Lynne’s determined studies in voice and piano progressed steadily throughout the 1980s and 
‘90s, and began with Trenton legend Richard “Dick” Braytenbah.

“I had many great teachers, and Dick was one,” she says. “We went through all the books and he accompanied me while I developed a ‘book’ of standards. Then I started doing some gigs with him at a few places locally and in Philadelphia.”

In addition to Braytenbah, Lynne pursued performance and jazz studies with Joe Ialacci, John Coates Sr., and Gerald Price. She then spent four years in intensive studies of keyboard harmony with New York/North Jersey-based pianist, composer, arranger, and teacher Jim Ridl. 

“I met Jim Ridl when he was working in the ‘Burg (Chambersburg), and I really wanted to study what he was teaching; he was the one who really turned my playing around,” Lynne says. “Then I went to Westminster and met Laurie Altman, and we studied intensely —
two hour lessons each week.”

Lynne is referring to 
internationally renowned composer, pianist, and esteemed member of the faculty at Westminster Choir College of Rider University.

“Laurie was a wonderful teacher and taught me how to improvise, how to feel the music until it was like 
automatic pilot for me, and I could make up things with my right hand,” she adds. “I studied with him for about 10 years, and it was amazing to reach a level where I could sing and play with ‘voicings’ rather than just chords.”

Lynne received her certificate in piano pedagogy from Westminster Choir College of Rider University in 2004.

At the same time she was polishing and expanding her piano talents, Lynne was beginning to perform in the area, and her first gig doing solo piano and vocals 
was at the Stockton Inn. Pianist Tony Inverso, yet another talented musician she met through Gerster, used to invite her to sit alongside him and improvise there. He must have felt she was ready to entertain the crowd on her own, and suggested Lynne fill in for him when he went on vacation.

“I was very reluctant, but I had to do it,” she says. “Tony counseled me on overcoming stage fright, and I’ll never forget his words, ‘concentrate on the music, not the crowd.’” 

“I was so nervous the night of the gig, it was agonizing, but I kept thinking positive thoughts, did what Tony told me, and things worked out,” Lynne says.
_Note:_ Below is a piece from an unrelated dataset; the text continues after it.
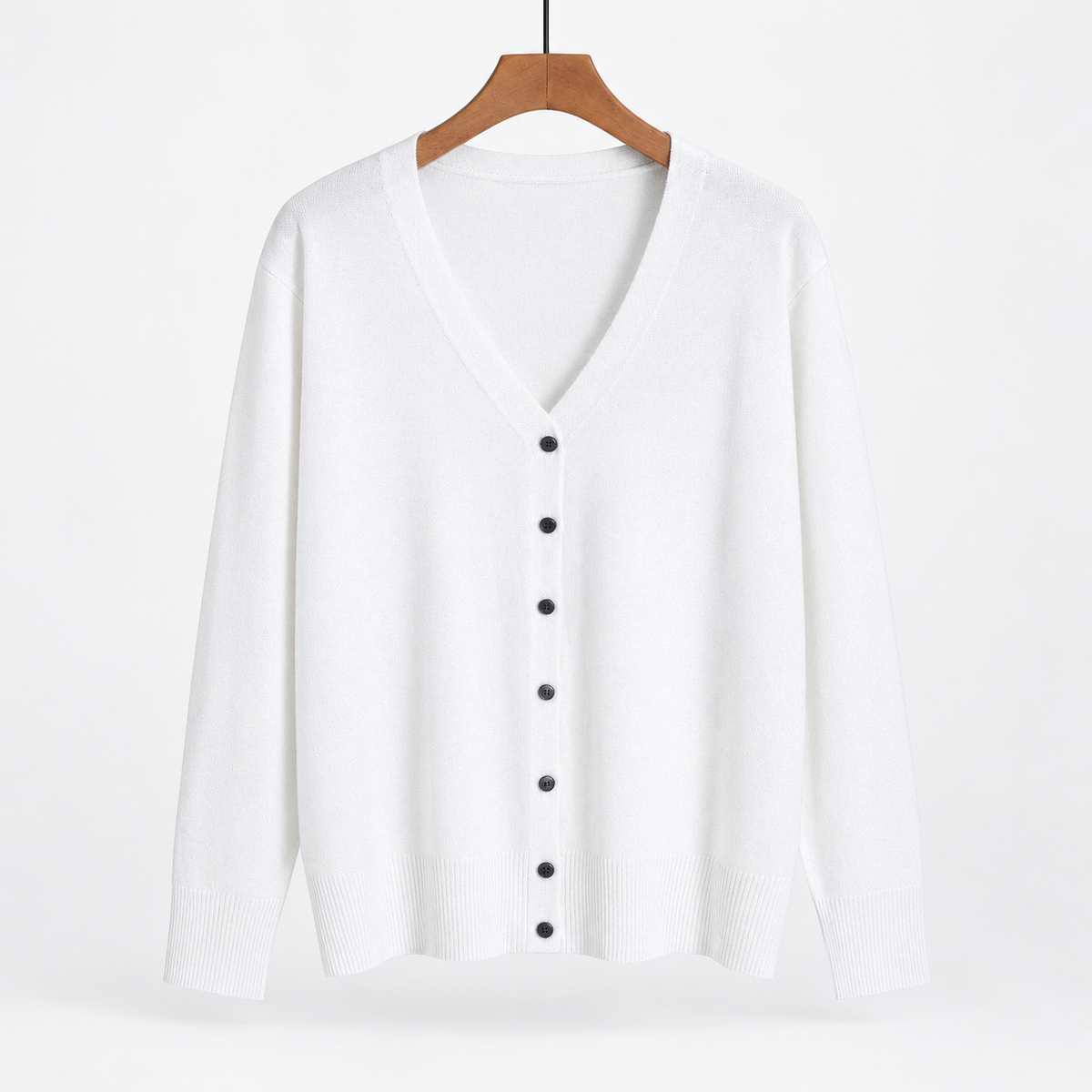 Rampside Button Front Cardigan - White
On another occasion, her friend and teacher Braytenbah invited Lynne to sit in at the old Office Cafe in Hamilton, a beloved hangout for many of the area’s jazz aficionados. With Nick Palmer on bass and Bobby Bowden on drums, Lynne impressed the owner so much that he hired her to play the following week.

“I only had 12 songs in my repertoire, but we practiced and practiced,” she says. “I packed the place with friends, and although I thought I was terrible, we had an amazing time. What experience I gained through those times.”

“Since I knew Rich and he knew all the local musicians, I sat in with them, and I wasn’t always good, I was still developing my voice and skills,” Lynne adds. “They encouraged me though. Tom ‘Pass’ Passarella, the organist for the Bob Smith Trio, used to say to me, ‘never give up, keep going, don’t stop.’”

Sometimes, she admits, the guys could be negative, a little catty even, and Lynne heard the 
comments,
but tried to take them in a positive way.

“I’d think, ‘what do I have to do to swing,’ and I would work on it,” she says. “There are so many talented people in the Trenton area, and I am very fortunate to have had the opportunity to know them and perform with them. Now, when I see Tom Pass, he likes to say, ‘you’ve come a long way baby.’”

Like another one of her musical heroes, Ella Fitzgerald, Lynne sees herself playing and singing as long as she can. She absolutely believes that performing is in her blood.

“I teach every day and go straight to music jobs on the weekend, but I love what I do,” she says. “Sometimes I don’t feel like dragging the piano around, but once it’s set up and we get going, it’s pure joy. When people ask, ‘how long can you do this?’ my answer is, ‘forever.’”

Carole Lynne, Jester’s European Cafe, 233 Farnsworth Avenue, Bordentown. First three Saturdays of the month, 6:30 to 9:30 p.m. 609-298-9963.